◆ The records ◆
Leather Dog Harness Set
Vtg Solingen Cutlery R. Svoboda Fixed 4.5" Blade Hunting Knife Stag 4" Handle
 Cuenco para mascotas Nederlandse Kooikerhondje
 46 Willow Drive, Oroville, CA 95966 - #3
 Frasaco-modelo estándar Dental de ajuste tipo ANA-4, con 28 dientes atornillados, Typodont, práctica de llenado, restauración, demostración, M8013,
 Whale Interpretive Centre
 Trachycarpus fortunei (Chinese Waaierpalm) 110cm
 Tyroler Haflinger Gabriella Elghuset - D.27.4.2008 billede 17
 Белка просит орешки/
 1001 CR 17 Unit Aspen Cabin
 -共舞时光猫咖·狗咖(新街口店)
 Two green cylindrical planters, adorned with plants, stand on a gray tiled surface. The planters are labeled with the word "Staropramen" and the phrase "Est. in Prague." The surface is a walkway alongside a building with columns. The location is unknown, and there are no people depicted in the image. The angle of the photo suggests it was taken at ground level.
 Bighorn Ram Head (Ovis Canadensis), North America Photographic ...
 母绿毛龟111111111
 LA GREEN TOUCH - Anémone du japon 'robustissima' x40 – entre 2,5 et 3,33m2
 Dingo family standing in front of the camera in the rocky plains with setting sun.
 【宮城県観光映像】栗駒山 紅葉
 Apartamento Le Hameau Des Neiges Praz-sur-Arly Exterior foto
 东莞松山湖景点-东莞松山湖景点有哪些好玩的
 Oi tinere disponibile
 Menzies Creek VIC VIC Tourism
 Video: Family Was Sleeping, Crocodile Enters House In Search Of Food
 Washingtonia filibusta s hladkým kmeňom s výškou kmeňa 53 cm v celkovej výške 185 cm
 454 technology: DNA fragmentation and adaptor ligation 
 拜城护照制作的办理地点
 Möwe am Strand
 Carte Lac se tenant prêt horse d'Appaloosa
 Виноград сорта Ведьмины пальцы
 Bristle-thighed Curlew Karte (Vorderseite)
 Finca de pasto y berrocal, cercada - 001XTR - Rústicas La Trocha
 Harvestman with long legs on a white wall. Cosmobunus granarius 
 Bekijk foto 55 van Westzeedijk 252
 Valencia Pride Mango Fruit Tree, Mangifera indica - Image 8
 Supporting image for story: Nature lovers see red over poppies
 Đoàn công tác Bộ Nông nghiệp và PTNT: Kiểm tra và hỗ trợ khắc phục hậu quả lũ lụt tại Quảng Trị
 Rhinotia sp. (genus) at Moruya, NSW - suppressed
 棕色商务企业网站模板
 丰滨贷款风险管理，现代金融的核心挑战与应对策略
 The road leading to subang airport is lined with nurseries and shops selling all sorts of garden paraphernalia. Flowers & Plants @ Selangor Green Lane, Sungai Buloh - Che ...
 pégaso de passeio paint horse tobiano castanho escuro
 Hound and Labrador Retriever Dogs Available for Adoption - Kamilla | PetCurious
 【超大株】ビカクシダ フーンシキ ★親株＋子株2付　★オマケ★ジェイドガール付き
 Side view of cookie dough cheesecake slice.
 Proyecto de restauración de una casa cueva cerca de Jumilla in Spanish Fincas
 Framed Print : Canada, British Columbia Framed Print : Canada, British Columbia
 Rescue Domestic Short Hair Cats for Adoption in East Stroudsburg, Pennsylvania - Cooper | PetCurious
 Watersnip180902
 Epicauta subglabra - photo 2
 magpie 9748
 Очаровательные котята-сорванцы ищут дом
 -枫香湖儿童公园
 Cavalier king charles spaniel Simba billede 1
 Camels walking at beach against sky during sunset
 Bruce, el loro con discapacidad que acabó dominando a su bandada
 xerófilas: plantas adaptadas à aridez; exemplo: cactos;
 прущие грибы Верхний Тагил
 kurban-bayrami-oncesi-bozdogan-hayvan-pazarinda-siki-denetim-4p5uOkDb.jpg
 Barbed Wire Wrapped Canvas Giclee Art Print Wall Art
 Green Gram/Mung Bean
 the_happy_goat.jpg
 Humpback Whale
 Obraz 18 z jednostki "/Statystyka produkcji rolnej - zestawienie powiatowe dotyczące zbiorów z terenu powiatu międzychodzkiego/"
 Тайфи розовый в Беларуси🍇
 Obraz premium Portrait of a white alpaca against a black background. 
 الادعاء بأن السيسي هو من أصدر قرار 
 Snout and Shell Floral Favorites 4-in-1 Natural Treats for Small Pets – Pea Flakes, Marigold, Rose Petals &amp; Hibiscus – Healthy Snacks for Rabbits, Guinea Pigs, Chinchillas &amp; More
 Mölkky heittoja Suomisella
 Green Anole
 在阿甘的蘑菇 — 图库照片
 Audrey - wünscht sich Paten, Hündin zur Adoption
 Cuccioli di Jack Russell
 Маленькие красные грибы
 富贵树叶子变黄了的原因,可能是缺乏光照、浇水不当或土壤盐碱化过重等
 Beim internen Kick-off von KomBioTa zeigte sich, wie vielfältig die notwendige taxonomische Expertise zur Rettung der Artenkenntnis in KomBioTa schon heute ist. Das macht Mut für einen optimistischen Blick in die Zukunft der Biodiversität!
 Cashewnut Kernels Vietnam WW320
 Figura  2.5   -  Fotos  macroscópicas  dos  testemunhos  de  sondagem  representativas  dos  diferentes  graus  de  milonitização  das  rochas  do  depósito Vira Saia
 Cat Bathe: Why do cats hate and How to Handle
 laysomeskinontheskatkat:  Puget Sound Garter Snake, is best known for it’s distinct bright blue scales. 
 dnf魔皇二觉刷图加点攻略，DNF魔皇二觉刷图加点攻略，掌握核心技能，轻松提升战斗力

◆ What to produce ◆
Retype every line above with nothing changed.

◆ Expected answer ◆
Leather Dog Harness Set
Vtg Solingen Cutlery R. Svoboda Fixed 4.5" Blade Hunting Knife Stag 4" Handle
 Cuenco para mascotas Nederlandse Kooikerhondje
 46 Willow Drive, Oroville, CA 95966 - #3
 Frasaco-modelo estándar Dental de ajuste tipo ANA-4, con 28 dientes atornillados, Typodont, práctica de llenado, restauración, demostración, M8013,
 Whale Interpretive Centre
 Trachycarpus fortunei (Chinese Waaierpalm) 110cm
 Tyroler Haflinger Gabriella Elghuset - D.27.4.2008 billede 17
 Белка просит орешки/
 1001 CR 17 Unit Aspen Cabin
 -共舞时光猫咖·狗咖(新街口店)
 Two green cylindrical planters, adorned with plants, stand on a gray tiled surface. The planters are labeled with the word "Staropramen" and the phrase "Est. in Prague." The surface is a walkway alongside a building with columns. The location is unknown, and there are no people depicted in the image. The angle of the photo suggests it was taken at ground level.
 Bighorn Ram Head (Ovis Canadensis), North America Photographic ...
 母绿毛龟111111111
 LA GREEN TOUCH - Anémone du japon 'robustissima' x40 – entre 2,5 et 3,33m2
 Dingo family standing in front of the camera in the rocky plains with setting sun.
 【宮城県観光映像】栗駒山 紅葉
 Apartamento Le Hameau Des Neiges Praz-sur-Arly Exterior foto
 东莞松山湖景点-东莞松山湖景点有哪些好玩的
 Oi tinere disponibile
 Menzies Creek VIC VIC Tourism
 Video: Family Was Sleeping, Crocodile Enters House In Search Of Food
 Washingtonia filibusta s hladkým kmeňom s výškou kmeňa 53 cm v celkovej výške 185 cm
 454 technology: DNA fragmentation and adaptor ligation 
 拜城护照制作的办理地点
 Möwe am Strand
 Carte Lac se tenant prêt horse d'Appaloosa
 Виноград сорта Ведьмины пальцы
 Bristle-thighed Curlew Karte (Vorderseite)
 Finca de pasto y berrocal, cercada - 001XTR - Rústicas La Trocha
 Harvestman with long legs on a white wall. Cosmobunus granarius 
 Bekijk foto 55 van Westzeedijk 252
 Valencia Pride Mango Fruit Tree, Mangifera indica - Image 8
 Supporting image for story: Nature lovers see red over poppies
 Đoàn công tác Bộ Nông nghiệp và PTNT: Kiểm tra và hỗ trợ khắc phục hậu quả lũ lụt tại Quảng Trị
 Rhinotia sp. (genus) at Moruya, NSW - suppressed
 棕色商务企业网站模板
 丰滨贷款风险管理，现代金融的核心挑战与应对策略
 The road leading to subang airport is lined with nurseries and shops selling all sorts of garden paraphernalia. Flowers & Plants @ Selangor Green Lane, Sungai Buloh - Che ...
 pégaso de passeio paint horse tobiano castanho escuro
 Hound and Labrador Retriever Dogs Available for Adoption - Kamilla | PetCurious
 【超大株】ビカクシダ フーンシキ ★親株＋子株2付　★オマケ★ジェイドガール付き
 Side view of cookie dough cheesecake slice.
 Proyecto de restauración de una casa cueva cerca de Jumilla in Spanish Fincas
 Framed Print : Canada, British Columbia Framed Print : Canada, British Columbia
 Rescue Domestic Short Hair Cats for Adoption in East Stroudsburg, Pennsylvania - Cooper | PetCurious
 Watersnip180902
 Epicauta subglabra - photo 2
 magpie 9748
 Очаровательные котята-сорванцы ищут дом
 -枫香湖儿童公园
 Cavalier king charles spaniel Simba billede 1
 Camels walking at beach against sky during sunset
 Bruce, el loro con discapacidad que acabó dominando a su bandada
 xerófilas: plantas adaptadas à aridez; exemplo: cactos;
 прущие грибы Верхний Тагил
 kurban-bayrami-oncesi-bozdogan-hayvan-pazarinda-siki-denetim-4p5uOkDb.jpg
 Barbed Wire Wrapped Canvas Giclee Art Print Wall Art
 Green Gram/Mung Bean
 the_happy_goat.jpg
 Humpback Whale
 Obraz 18 z jednostki "/Statystyka produkcji rolnej - zestawienie powiatowe dotyczące zbiorów z terenu powiatu międzychodzkiego/"
 Тайфи розовый в Беларуси🍇
 Obraz premium Portrait of a white alpaca against a black background. 
 الادعاء بأن السيسي هو من أصدر قرار 
 Snout and Shell Floral Favorites 4-in-1 Natural Treats for Small Pets – Pea Flakes, Marigold, Rose Petals &amp; Hibiscus – Healthy Snacks for Rabbits, Guinea Pigs, Chinchillas &amp; More
 Mölkky heittoja Suomisella
 Green Anole
 在阿甘的蘑菇 — 图库照片
 Audrey - wünscht sich Paten, Hündin zur Adoption
 Cuccioli di Jack Russell
 Маленькие красные грибы
 富贵树叶子变黄了的原因,可能是缺乏光照、浇水不当或土壤盐碱化过重等
 Beim internen Kick-off von KomBioTa zeigte sich, wie vielfältig die notwendige taxonomische Expertise zur Rettung der Artenkenntnis in KomBioTa schon heute ist. Das macht Mut für einen optimistischen Blick in die Zukunft der Biodiversität!
 Cashewnut Kernels Vietnam WW320
 Figura  2.5   -  Fotos  macroscópicas  dos  testemunhos  de  sondagem  representativas  dos  diferentes  graus  de  milonitização  das  rochas  do  depósito Vira Saia
 Cat Bathe: Why do cats hate and How to Handle
 laysomeskinontheskatkat:  Puget Sound Garter Snake, is best known for it’s distinct bright blue scales. 
 dnf魔皇二觉刷图加点攻略，DNF魔皇二觉刷图加点攻略，掌握核心技能，轻松提升战斗力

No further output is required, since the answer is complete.